It was a resting point on my daily walk out into the countryside during lockdown – a charming little 12th-century church nestling on the slope of a beautiful valley on the southern edge of the Cotswolds.
It didn’t take me long to spot two very important ledger stones bearing a very famous Georgian name. It’s the burial slab of John Wood the Elder and – alongside – that of one of his daughters.
Though uninscribed, it’s believed his son John is also buried there. Together they were the architects and developers of 18th-century Bath including the Circus, Royal Crescent, Queen Square and Prior Park.
No one knows for certain why the Woods should choose this last resting place a fair distance away from their architectural achievements but it’s known John Wood Senior believed every word of the Bladud legend about the leper prince being cured in the thermal waters his pigs had discovered.
Bladud was said to have tried to fly on homemade wings from nearby Solsbury Hill and fell to his death – John Wood believed – at the site where this Christian church was built.
This morning we were excited because archaeologists from Bristol University were coming to do some ground radar above the ledger stones.

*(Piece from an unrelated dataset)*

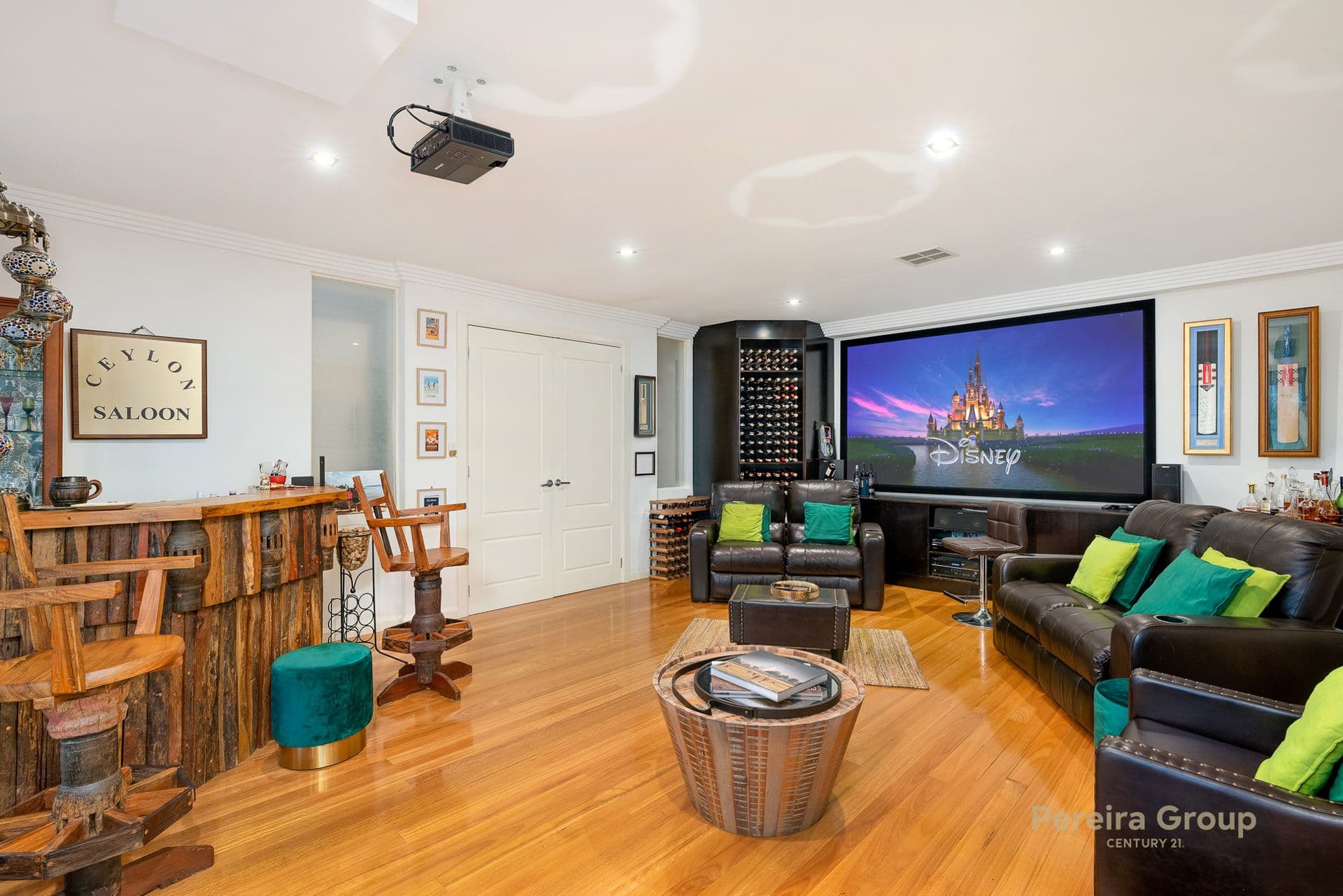 43 Hickson Circuit, Harrington Park, NSW, 2567, Harrington Park - Thumbnail 5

We wanted to know whether this might reveal a family vault or give some indication as to how many people were buried there.
Initial soundings were not looking too promising when l spoke to historian and John Wood specialist David Crellin who – like me was watching Alex and Costas carrying out this specialised ‘geophysical imaging.’
I’ve long thought that the tomb of John Wood at Swainswick was a holding
grave until an intended chapel was built at the back of the Royal
Crescent. It’s on the plan that goes with the indenture that Wood the
Younger signed with Margaret Garrard in 1764. I’m feel it’s likely he
meant it to be the family vault – so that his father would be buried
close to the amazing piece of town planning that the two Woods designed.
And it would explain why the grave at Swainswick is so tucked away out
of sight. Sadly, Wood’s chapel was never built. This is purely my
opinion – please don’t quote it as a fact.